The U.S. Treasury's Financial Crimes Enforcement Network has granted regulatory relief to credit unions and other financial institutions by eliminating a long-standing requirement to verify business ownership information every time a business opens a new account.
Under the order issued Feb. 13, institutions will now identify and verify beneficial owners only when a business first opens an account, when information appears unreliable or when risk-based monitoring requires it.
The change modified the 2016 Customer Due Diligence rule, which previously required financial institutions to repeat ownership verification at each new account opening. FinCEN said the requirement had become duplicative and inconsistent with a risk-based anti-money-laundering framework.
NCUA officials told credit unions the relief is optional and does not alter broader Bank Secrecy Act obligations, including suspicious activity monitoring, recordkeeping and reporting requirements.

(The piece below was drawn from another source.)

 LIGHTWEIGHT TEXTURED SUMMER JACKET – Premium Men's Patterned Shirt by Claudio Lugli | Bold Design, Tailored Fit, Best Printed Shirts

FinCEN Director Andrea Gacki said the action modernizes compliance while maintaining safeguards against illicit finance. The agency emphasized that institutions must still maintain written procedures to monitor customers and update ownership information when risk indicators arise.
The relief is part of broader federal efforts to streamline Bank Secrecy Act compliance and align customer due diligence requirements with evolving financial crime risks while reducing administrative burden on regulated institutions.